Algo similar ocurrió en la localidad colombiana de Armero. El volcán Nevado del Ruiz había arrasado el pueblo siglos atrás, pero, por una especie de incomprensible ¿olvido?, un nuevo Armero se construyó exactamente en el mismo lugar. El año 1985 un río de lava, lodo y materiales piroclásticos sepultó de nuevo al pueblo matando a 23.000 personas. Juan David Correa, que perdió a dos abuelos en la avalancha, escribió la crónica El barro y el silencio denunciando la irresponsabilidad de los ¿desmemoriados? políticos y constructores que propiciaron la tragedia.

Miles de kilómetros al norte, en los bosques boreales de Canadá, sucede El tiempo del fuego, la brillantísima investigación periodística en la que John Vaillant recrea cómo un incendio inédito devora Fort MacMurray, capital de la producción petrolera canadiense. La metáfora es radical: la riquísima ciudad emergida gracias al increíble abuso de las extracciones fósiles, símbolo de lo que está provocando el cambio climático, perece a manos de un fuego de sexta generación, moderna e imparable que es una consecuencia de ese mismo cambio climático. Un fuego contra el que nada pueden los humanos ni sus sofisticadas tecnologías, emparentado con los incendios que los últimos años han abrasado millones de hectáreas de Suecia, Portugal, Sudáfrica, Grecia, Estados Unidos o, por supuesto, España, ubicada en un epicentro del cambio climático mundial. Lo más relevante es que, ante el fuego, las danas, la sequía, la regresión costera o los novísimos ciclones mediterráneos anunciados desde hace mucho por científicos, medioambientalistas, naturalistas y algunos, no demasiados pero sí algunos, periodistas y literatos, la sociedad sigue haciendo como que no sabe a qué se debe tanto drama mientras las administraciones continúan sin tomar medidas de verdad eficaces para al menos amortiguar los impactos. Por eso, en España se ha podido ver a un bombero insultando al político que ignoró sistemáticamente todas las advertencias que los especialistas en bosques le hacían. 

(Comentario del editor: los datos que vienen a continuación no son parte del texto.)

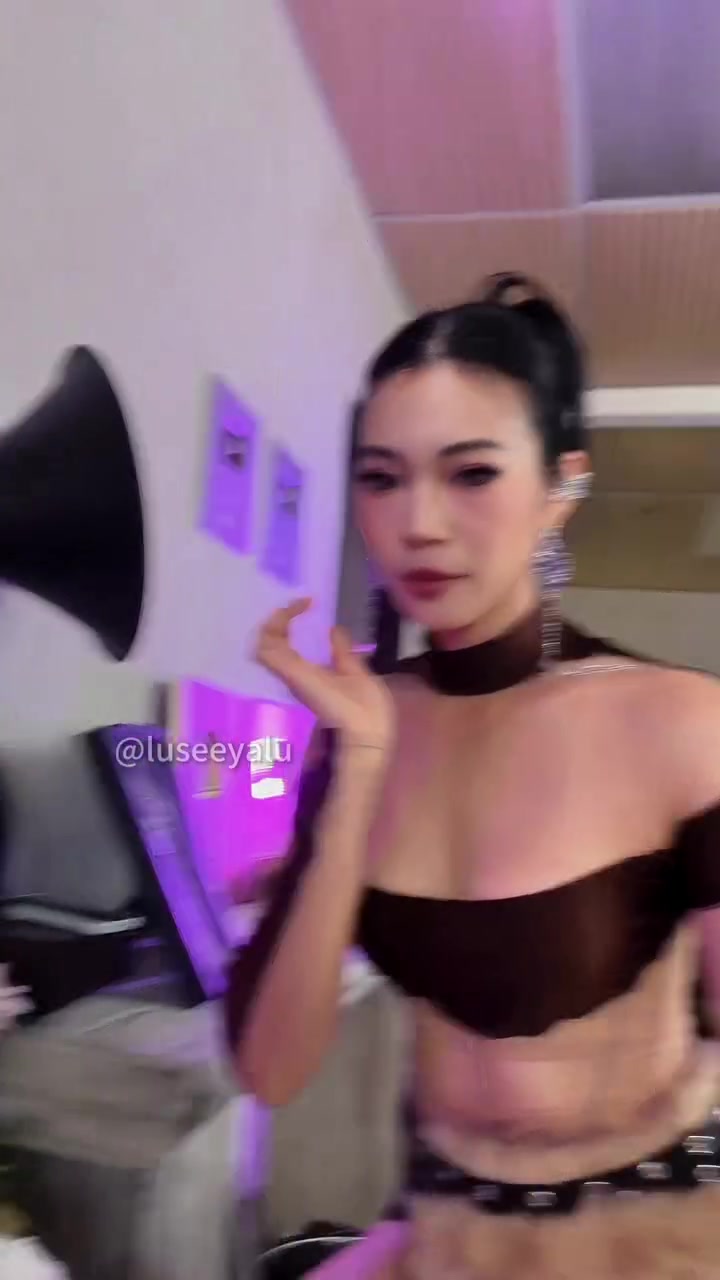 AQPhRWM6PMQEzFMwgACxHSuyHgbpBYXgKpWvwLH6f6Oxts_t1y8oszh6H76l6yX2BCigvyIYvfpQrCO8BZerY-xe17GkOIr736MnGcU.mp4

En El gran terremoto, Schulz afirma que tanta desatención se debe a que “la brevedad de nuestra vida genera provincianismo temporal”. Una idea que ya introdujo Ryszard Kapuscinski en sus Viajes con Heródoto, viniendo a decir que hoy pensamos que nuestra época es el summum de todas las épocas, el no va más: la Inteligencia Artificial y la sofisticada tecnología alrededor demuestran que somos el colofón de una especie llamada a gobernar el planeta, los más listos del lugar, y por eso menospreciamos inteligencias del pasado, incluidas las no humanas, siendo incapaces de asumir que hay cosas que estamos haciendo demasiado mal y, por lo tanto, de diseñar planes que se adelanten a desastres futuros. No queremos cambiar, ensimismados en nuestra palabrería y nuestros inventos. Y odiamos a quienes escriben artículos como el que estás leyendo, libros como el que ha publicado Schulz, ya están aquí los listillos de turno diciéndome lo que tengo que hacer. 

Como El gran terremoto garantiza la inoperancia institucional a la hora de salvaguardar a la población, Schulz se vio impelida a amortiguar el desesperante desaliento que propagaban sus páginas escribiendo un segundo artículo aportando soluciones que podrían ayudar a salvar el pellejo. En él, la periodista sugiere tanto atornillar tu casa a los cimientos como llevarte bien con los vecinos, que en momentos críticos te pueden sacar de aprietos serios. Al final, tenemos un corto libro memorable debido a la idea fuerza que irradia: si quieres sobrevivir, espabila y traza un plan porque tus políticos no lo tienen ni lo tendrán. Quizá suene exagerado, pero, viendo cómo evoluciona el siglo, no está de más empezar a prepararse para prever y solventar lo mejor posible las inexorables y muy anunciadas catástrofes venideras. Tejer redes próximas de confianza se antoja otra necesidad. Imperiosa necesidad.